In this paper, four methods were presented, which provide several Pareto points in terms of area, and delay for decimal multiplication. These methods use both software and hardware to reduce hardware overhead and increase computation speed simultaneously. An RISC-V-based integrated evaluation framework was used to evaluate the proposed methods. Experiments on an RISC-V-based environment for a 64-bit format proved that the proposed methods can achieve 1.43× to 2.37× execution speedup compared with an existing software solution. They can also achieve a 7–97% area reduction compared with the existing full hardware decimal multiplier.

Besides the decimal multiplication, we intend to develop other decimal arithmetic based on SW–HW co-design. Currently, the proposed multiplication is designed using C language with the library decNumber C, and we plan to include other popular programming languages, like Java BigDecimal Class and Python decimal module, using decimal accelerator support.

Future Vision

From an architectural point of view, there are numerous research opportunities to improve and extend the proposed decimal co-design-based arithmetic discussed in Section 3. This study establishes decimal multiplication co-design using hardware component, however, to enhance these tracks, research is needed to examine combined decimal/binary multiplier with a co-design approach.

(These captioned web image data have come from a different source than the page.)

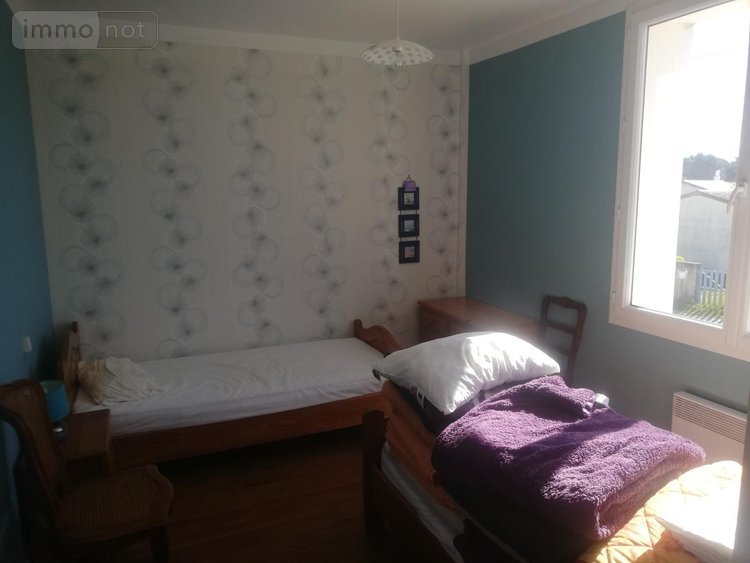 Maison a vendre Saint-Pierre-d'Oléron 17310 Charente-Maritime 116 m2 5 pièces 392000 euros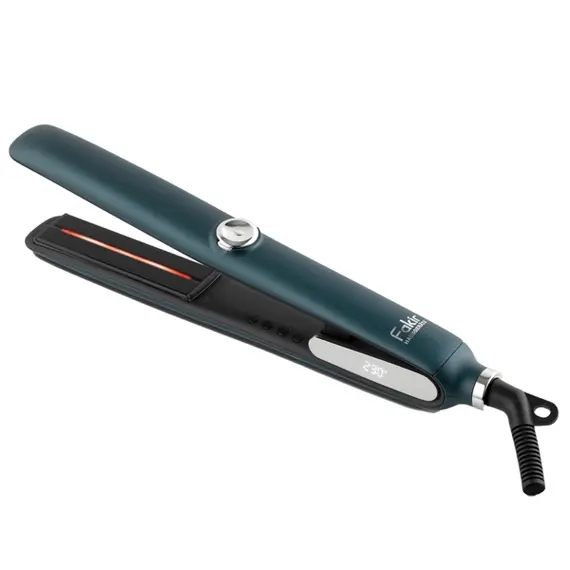 თმის გასასწორებელი Fakir  SAPPHIRE LUXE STEAM STRAIGHTENER  - Primestore.ge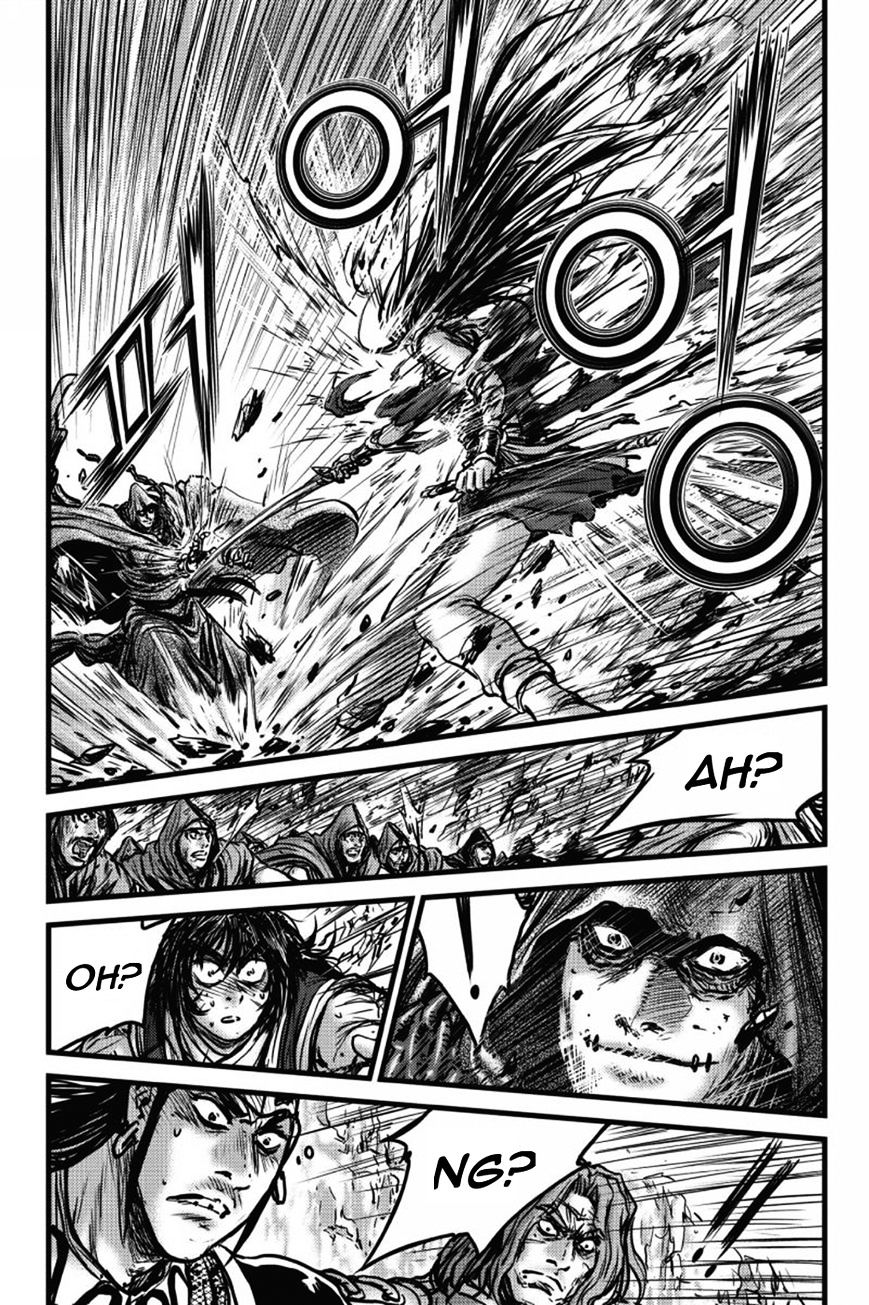 Ruler Of The Land Chapter 403 page 54 -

The IEEE standard for floating-point arithmetic (IEEE 754) again revised in 2019 to include additional demands in computing [39]. This study introduces decimal multiplication using a combination of software and hardware, and we believe this study established to satisfy the current needs and focus the interests of both commercial and personal users in decimal arithmetic. Though the market has a choice, as continued research decreases the performance gap between binary and decimal computing, we may very well see decimal applications replacing binary applications in certain computing area.